#### [Problem description]
Repeat the lines from the one containing "Katar ve Türkiye" through the last line of the data, exactly, pictures omitted.
# # #
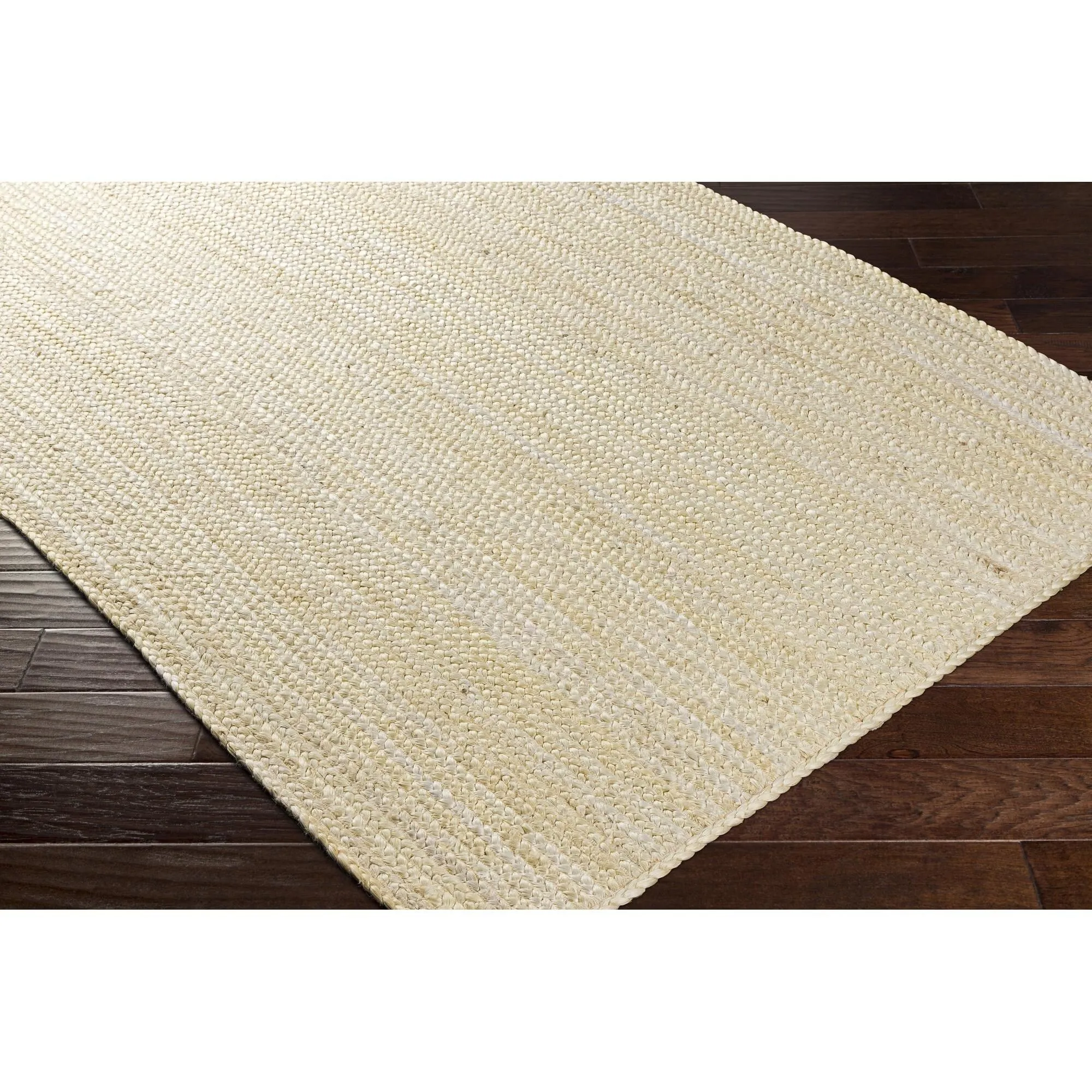 Livabliss Natural Braids Country Solid Area Rug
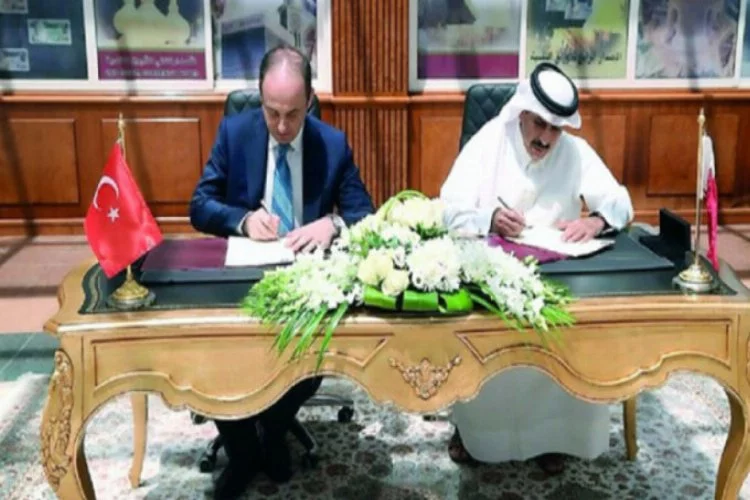 Katar ve Türkiye bankaları Swap Anlaşması'nı imzaladı!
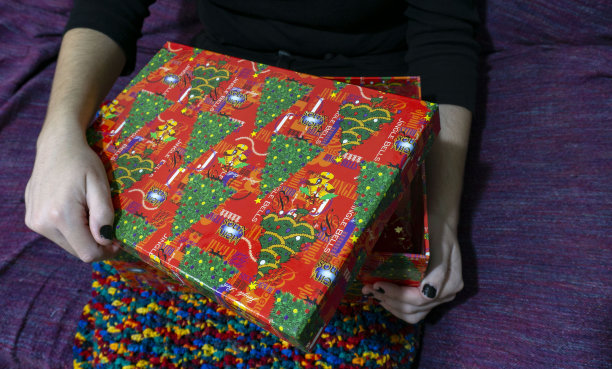 圣诞礼物盒图片下载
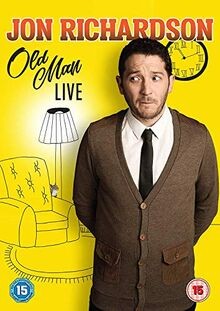 Jon Richardson: Old Man - Live [DVD] [2018] | DVD | Zustand sehr gut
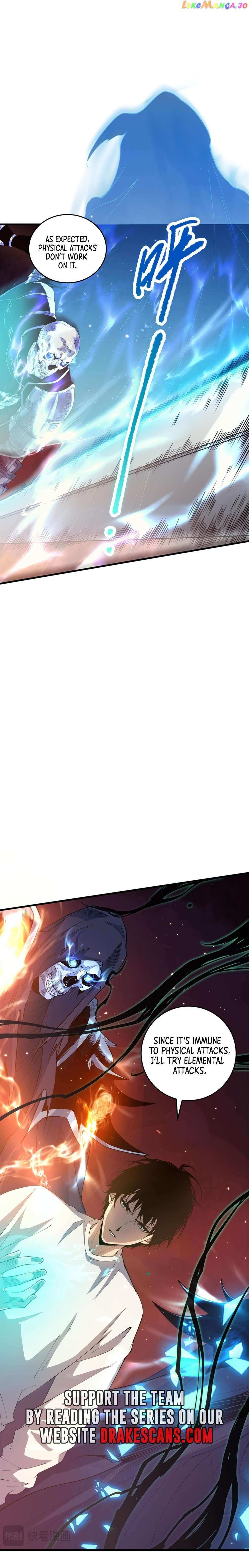 Read Disastrous Necromancer EN Manga Online
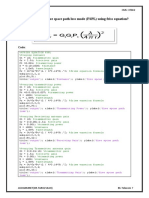 Code for Free Space Path Loss Model and its Variations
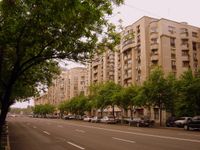 차우셰스쿠 시대에 건설된 대표적인 고층 아파트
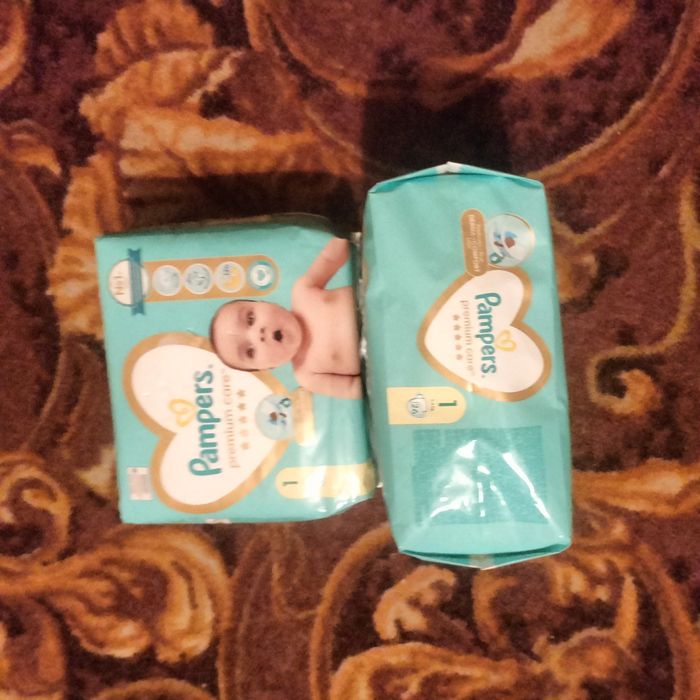 Pampers premium care 1 2-5kg Nie dada lulipu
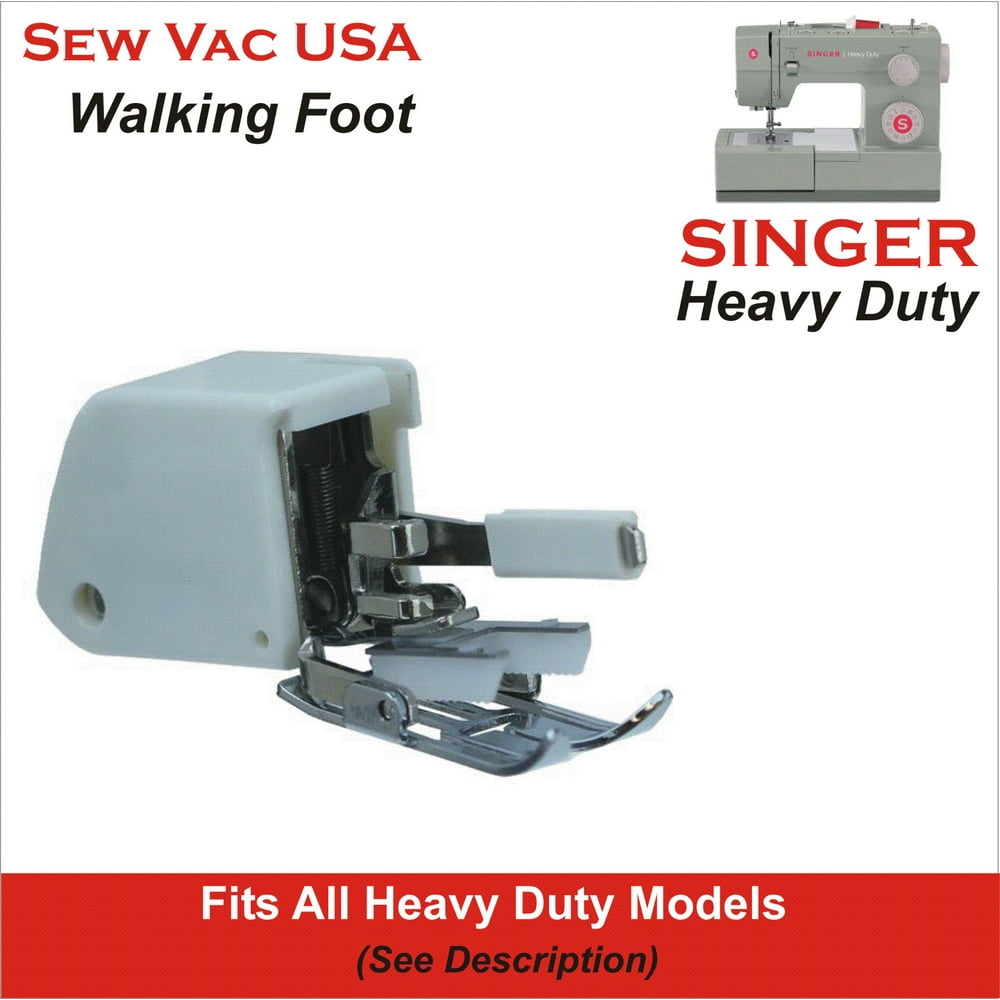 Walking / Evenfeed Foot For SINGER Heavy Duty Model 4423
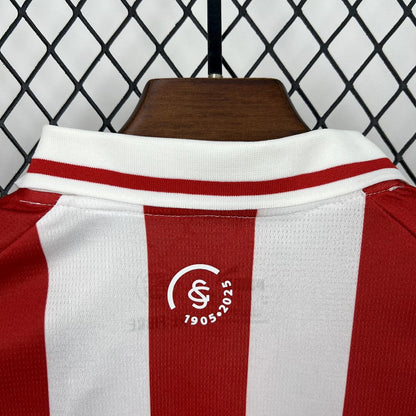 Sporting de Gijon 2025/26 Conjunto Principal – Criança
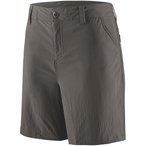 Patagonia 7 Quandary  Damen  Kurze Hosen grau Größe S Camping  Wasserabweisend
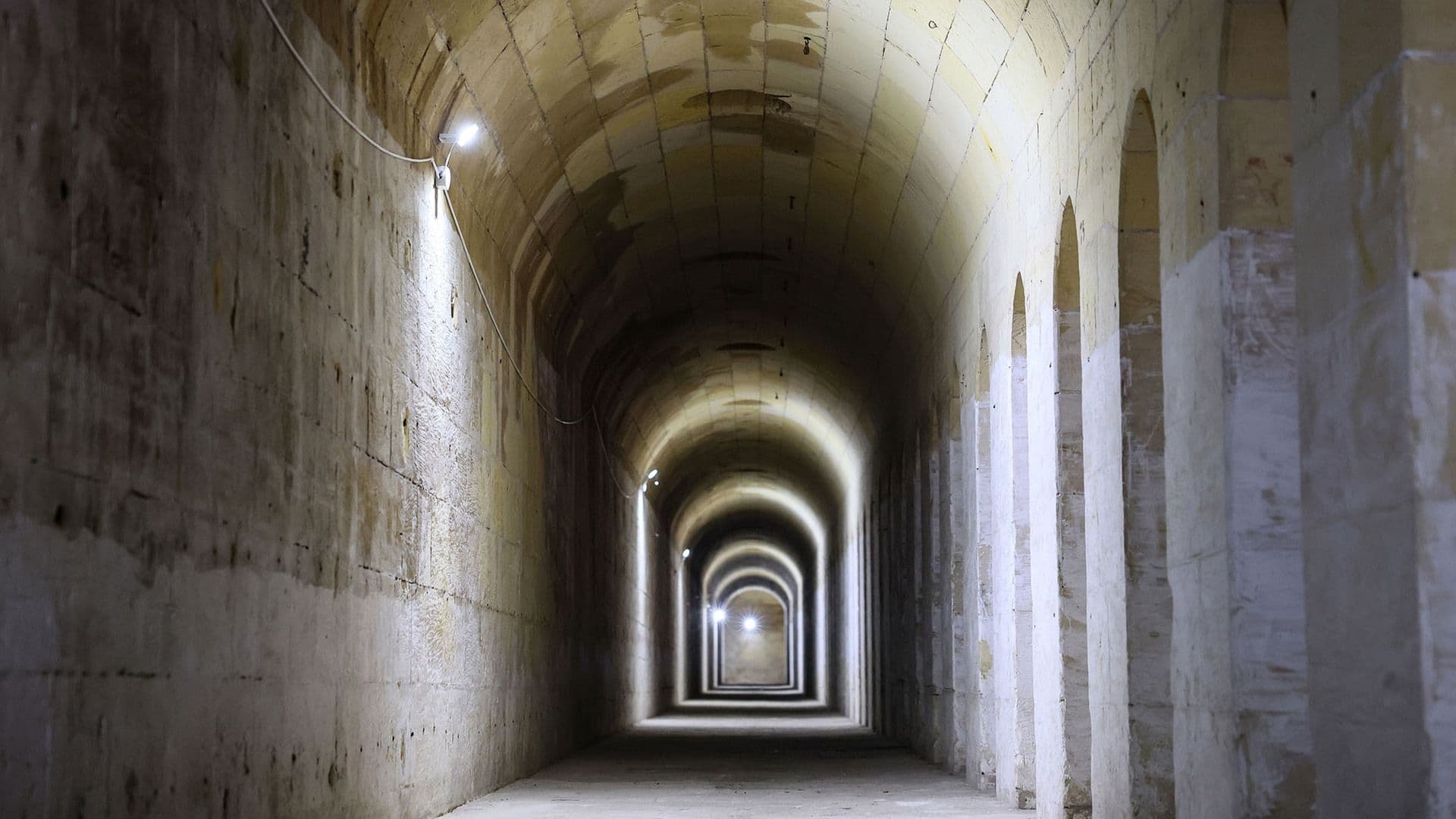 Cleaning Works At San Klement Bastion Underway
# # #
#### [Exercise answer]
 Katar ve Türkiye bankaları Swap Anlaşması'nı imzaladı!
 圣诞礼物盒图片下载
 Jon Richardson: Old Man - Live [DVD] [2018] | DVD | Zustand sehr gut
 Read Disastrous Necromancer EN Manga Online
 Code for Free Space Path Loss Model and its Variations
 차우셰스쿠 시대에 건설된 대표적인 고층 아파트
 Pampers premium care 1 2-5kg Nie dada lulipu
 Walking / Evenfeed Foot For SINGER Heavy Duty Model 4423
 Sporting de Gijon 2025/26 Conjunto Principal – Criança
 Patagonia 7 Quandary  Damen  Kurze Hosen grau Größe S Camping  Wasserabweisend
 Cleaning Works At San Klement Bastion Underway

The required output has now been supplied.